今までの経験から、その人自身が変わることは期待しない方がよいですね。

怖い話ですが、創業者が自身の判断で、経歴上は優秀そうな人を採用したが、そのメンバーがカルチャーフィットせず、成果も出せていないにもかかわらず、ポジションに居続けさせるケース。このような場合、深刻な組織崩壊に繋がります。

創業者としては、仲間と始めたベンチャーが成長していくと、次の段階に進むために創業期の中枢メンバーを入れ替えなければならないのではないかとの考えがよぎります。実際にVCの人達もそういう「助言」をしますからね。
そして心を鬼にして主要ポストは外部からの招聘としてしまう。創業メンバーを主要「ポスト」にしておく必要はありませんが、無理に入れ替えた結果、わざわざカルチャーを壊す意味はないですよね。

創業者が大切にすべきは、事業の成長であり、創業期から仲間・同志と共にしてきた意図の一貫性を保つことなのです。

 

社外取締役として第三者視点で経営のポイントを伝える

ーー和田さんはこれまでご自身が経営陣として携わってきた会社の他に、上場企業からスタートアップまで多くの企業において社外取締役を務めてこられましたが、効果的な取締役会の構成や運営について、お考えはありますでしょうか?

私個人の意見としてではありますが、IPO前のフェーズにおいては、取締役会よりも株主達との会話の方が重要で、社外取締役については必須でないと思っています。

ただし、社外取締役である必要はありませんが、創業者が定点観測してくれる人を外部に持つことは非常に大切だと考えています

特にスタートアップにとっては、どのハードシングスも初めてのことですし、今自分たちの置かれた状態がわからなくなってしまう経営者も多くいます。

定点観測をしてくれていれば、その人から「今の状態は改善した方が良いのではないか」とか「そこまで切羽詰まることはないんじゃないか」など、第三者目線での指摘をもらえます。
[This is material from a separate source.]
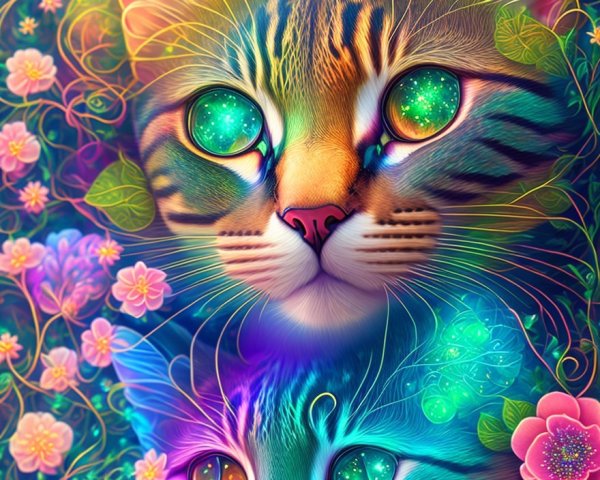Colorful Illustration of Cats with Galaxy Eyes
これは社内や取引先などからでは難しく、基本的に利害が絡まない外の人間が適任であり、私自身、社外取締役として関わるのはそういったケースがほとんどです。

 

ーー創業者を定点観測し、行動をガイドするにあたり、効果的なコミュニケーションの取り方などはありますでしょうか?

大前提として人間関係ができていること、そして創業者の方から社外取締役の就任依頼がない限り、社外取締役としての効果的なガイダンスは難しいと思っています。

組織のトップは、その重責に長く深くいればいるほど、心が閉じていきます。この人の意見なら聞きたいと本人が心から思わないと、何を聞いても肚に落ちないでしょうね。逆に肚に落とさず知識を得たいだけなら、定点観測してもらう必要はありません。

そんな中で創業者の方にお話をいただけるのは、私がベンチャーから大企業まで多くの企業体の経営経験があるからだと思います。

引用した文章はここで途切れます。